Debajo de todo esto se esconden espejismos que aceptamos como reales:

  • La idealización: Pensar que nosotros y la realidad tiene una sola cara, la que consideramos “guay”. Es muy común escuchar en terapia gente que dice cuando tiene que hablar de un mal momento “esa no soy yo, yo soy la alegre, la capaz…”
  • La exigencia de perfección. La idea loca de que las personas podemos y tenemos que ser perfectas.
  • Comprometerse con la autoimagen más que con la realidad: Vivir intentando llegar a una autoimagen idealizada y perfecta, que a modo zanahoria siempre se nos escapa y nos lleva a la frustración constante.

Construir la autoestima desde “el deber ser” es una trampa. Mejor ir a la raíz:  tenemos defectos, hay cosas que no conseguimos, hay veces en que metemos la pata, y eso no es horrible tan sólo es humano. Aprender a aceptarlo y dejar de luchar forma parte de madurar.

No es que queramos equivocarnos adrede, pero la realidad es que lo hacemos en muchas ocasiones, y que el error es una manera en la que aprendemos. Aceptar nuestra naturaleza y abrazar lo que somos, puede darnos la paz de “dejarnos en paz”.

Esto no implica hacer una apología del status quo y del inmovilismo “soy así, así me quedo y así que me aguanten”. Por el contrario, la vida está para evolucionar:  las crisis, errores, defectos son parte del camino y pueden convertirse en instrumentos que me ayuden a aprender y crecer, si los acepto y trabajo en ello.

Mi maestro el psiquiatra y psicoterapeuta  Javier Díaz, fue el que me descubrió un nuevo lugar: El trato amoroso por nosotros y este camino ha sido con el que me quedo.

Ese trato no va de quedarse con una parte del pastel, no va con quererse cuando creemos que lo hacemos bien y quitarse el cariño cuando lo hacemos mal. Va de aceptarse y de tratarse con amor en las buenas y en las malas, en la salud y en la enfermedad como cuando la gente se casa. Acogernos con el paquete entero.

Este amor no va de sentimientos, sino de cuidados. No va de emoción sino de hacer.
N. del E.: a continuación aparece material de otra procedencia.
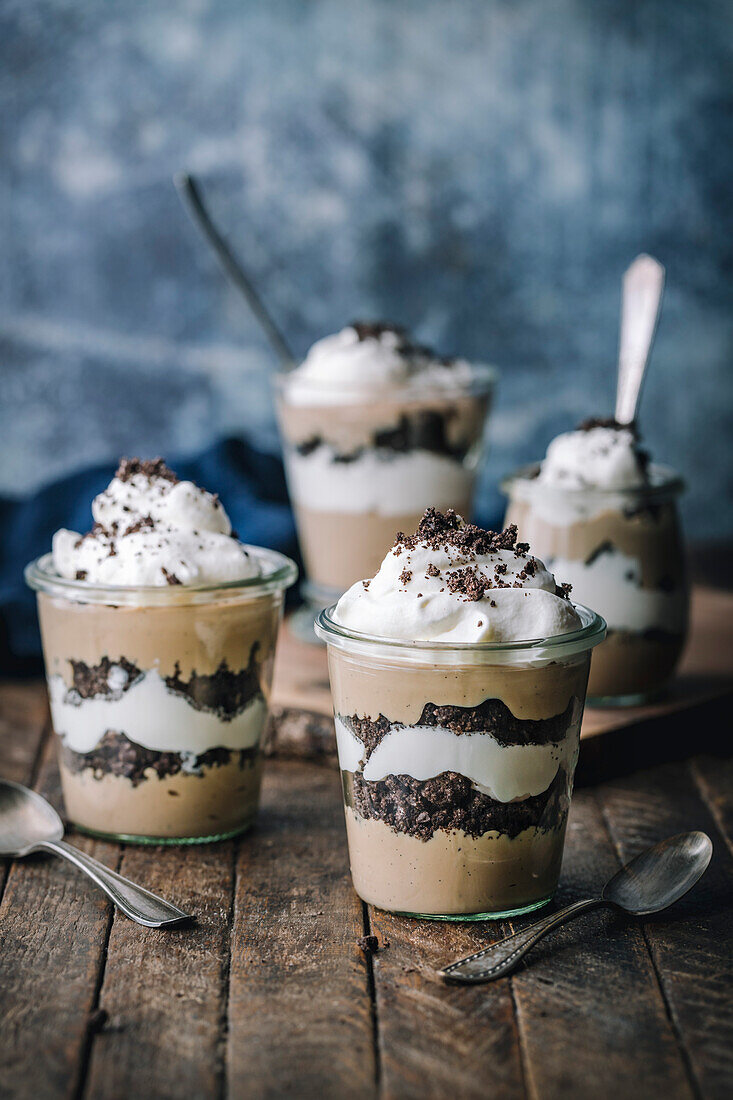Layered dessert with chocolate cream chocolate biscuits and whipped cream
Este amor implica una manera de tratarse:  Darnos apoyo en la vida, aprender a respetar lo que somos, alentarnos ante nuestras metas y deseos, reconocer nuestras necesidades y ayudarnos a satisfacerlas, hablarnos con aprecio y no con desprecio.

Un atenderse amorosamente que implica que cuando aparezca el error o tengamos que reconocer nuestros defectos, aprendamos a atendernos no desde la ira y el castigo, sino desde el reconocimiento y la compasión: a veces simple y llanamente no sabemos hacerlo mejor. Aceptando podemos tener una actitud constructiva para aprender de ellos.

Este amor no es excluyente, abarca a las otras personas. Cuanto más tolerantes aprendamos a ser con nosotros más lo seremos con el resto. Cuando nos tratemos con menos sadismo y exigencia, menos sacaremos el látigo suave o duro con quienes tenemos al lado.

En este amor el valor no está en los logros, sino en el reconocimiento de que por ser humanos somos valiosos y nos merecemos tratarnos bien.  A veces cuando nos quedamos en la cáscara del elogio a la virtud o del castigo por el defecto, lo que triunfa es el juicio, no el amor.